The Legislative Analyst’s Office for the California legislature has warned the state’s lawmakers about this trend.

For many years, more people have been leaving California for other states than have been moving here. According to data from the American Community Survey, from 2007 to 2016, about 5 million people moved to California from other states, while about 6 million left California. On net, the state lost 1 million residents to domestic migration—about 2.5 percent of its total population. …Although California generally has been losing residents to the rest of the country, movement between California and some states deviates from this pattern. The figure below shows net migration between California and individual states between 2007 and 2016. California gained, on net, residents from about one-third of states, led by New York, Illinois, and New Jersey.

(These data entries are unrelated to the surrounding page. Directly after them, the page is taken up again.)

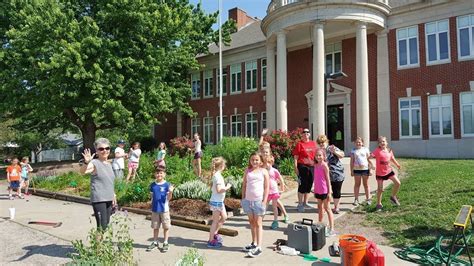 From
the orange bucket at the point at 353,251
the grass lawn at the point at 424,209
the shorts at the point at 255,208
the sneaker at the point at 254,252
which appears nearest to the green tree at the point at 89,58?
the grass lawn at the point at 424,209

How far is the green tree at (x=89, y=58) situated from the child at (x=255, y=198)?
1510cm

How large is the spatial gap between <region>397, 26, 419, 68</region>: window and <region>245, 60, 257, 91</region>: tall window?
10.3 meters

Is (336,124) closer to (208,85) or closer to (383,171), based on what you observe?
(208,85)

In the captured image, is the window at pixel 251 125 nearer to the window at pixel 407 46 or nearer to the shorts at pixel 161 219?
the window at pixel 407 46

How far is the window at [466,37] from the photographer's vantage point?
63.4 feet

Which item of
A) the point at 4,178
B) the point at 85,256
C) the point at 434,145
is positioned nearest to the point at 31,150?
the point at 4,178

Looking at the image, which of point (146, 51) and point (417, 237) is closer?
point (417, 237)

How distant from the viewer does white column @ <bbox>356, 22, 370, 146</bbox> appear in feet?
66.5

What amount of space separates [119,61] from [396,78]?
14.7m

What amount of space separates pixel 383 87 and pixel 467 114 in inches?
169

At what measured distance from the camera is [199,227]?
824cm

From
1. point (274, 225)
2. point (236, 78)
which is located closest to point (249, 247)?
point (274, 225)

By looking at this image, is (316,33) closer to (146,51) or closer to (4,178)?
(146,51)

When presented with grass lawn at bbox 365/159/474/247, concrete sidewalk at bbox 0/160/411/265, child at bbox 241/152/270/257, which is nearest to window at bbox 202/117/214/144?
concrete sidewalk at bbox 0/160/411/265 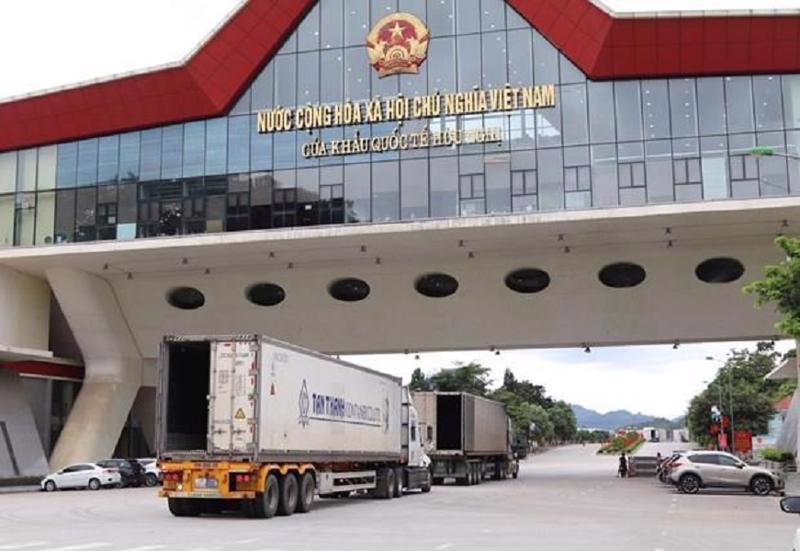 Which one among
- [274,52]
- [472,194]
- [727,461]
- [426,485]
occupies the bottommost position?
[426,485]

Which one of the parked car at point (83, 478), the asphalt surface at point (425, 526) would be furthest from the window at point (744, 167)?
the parked car at point (83, 478)

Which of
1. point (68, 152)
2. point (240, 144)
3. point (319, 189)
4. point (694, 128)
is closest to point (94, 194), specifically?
point (68, 152)

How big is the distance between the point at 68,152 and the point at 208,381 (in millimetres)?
23109

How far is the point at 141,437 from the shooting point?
5009 cm

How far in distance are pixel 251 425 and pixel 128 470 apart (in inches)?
825

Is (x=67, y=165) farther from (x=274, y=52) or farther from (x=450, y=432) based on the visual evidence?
(x=450, y=432)

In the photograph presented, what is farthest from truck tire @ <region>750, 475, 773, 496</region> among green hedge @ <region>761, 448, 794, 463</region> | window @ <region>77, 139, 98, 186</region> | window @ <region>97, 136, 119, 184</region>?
window @ <region>77, 139, 98, 186</region>

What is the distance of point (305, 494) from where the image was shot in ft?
72.7

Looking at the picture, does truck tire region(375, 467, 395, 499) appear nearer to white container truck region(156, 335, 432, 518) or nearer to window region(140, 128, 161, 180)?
white container truck region(156, 335, 432, 518)

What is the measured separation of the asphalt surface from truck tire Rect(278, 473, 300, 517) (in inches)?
11.5

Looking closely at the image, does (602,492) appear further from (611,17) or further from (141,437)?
(141,437)

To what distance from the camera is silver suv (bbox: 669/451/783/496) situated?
3234cm

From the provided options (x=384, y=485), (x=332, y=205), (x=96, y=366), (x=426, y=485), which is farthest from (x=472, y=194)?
(x=96, y=366)

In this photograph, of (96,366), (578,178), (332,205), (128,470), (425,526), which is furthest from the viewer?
(96,366)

Here’s the chart showing where Californians are moving. Unsurprisingly, Texas is the main destination.

By the way, state-to-state migration isn’t solely a function of income taxes.

A Market Watch column looks at the impact of property taxes on migration patterns.

Harty’s clients range from first-time buyers with sticker shock to people who’ve lived in and around Chicago all their lives. Each has a different story, but they share a common theme: many believe that Chicago-area property taxes are too high, and relief is just an hour away over the state line. …if all real estate is local, all real estate taxes may be even more so. …Attom’s data show that the average tax burden ranges from $10,612 in the most expensive metro area, Bridgeport-Stamford-Norwalk, Connecticut, to $525 in Montgomery, Alabama. And those are just averages. …taxes are “the icing on the cake” in areas that are seeing strong population inflows… Among the counties that saw the biggest percentage of in-migration in 2017, according to Census data, all are in Texas, Florida, Georgia, or the Carolinas. (Texas doesn’t have particularly low property taxes, but it has no personal income tax, making the overall tax burden much more manageable.) Cook County, where Chicago is located, had the biggest number of people leaving… Blomquist’s analysis of Census data showed that among all counties that had at least a 1% population increase, the average tax bill was $2,706, while in all counties with a least a 1% decline in population, the average was $3,900.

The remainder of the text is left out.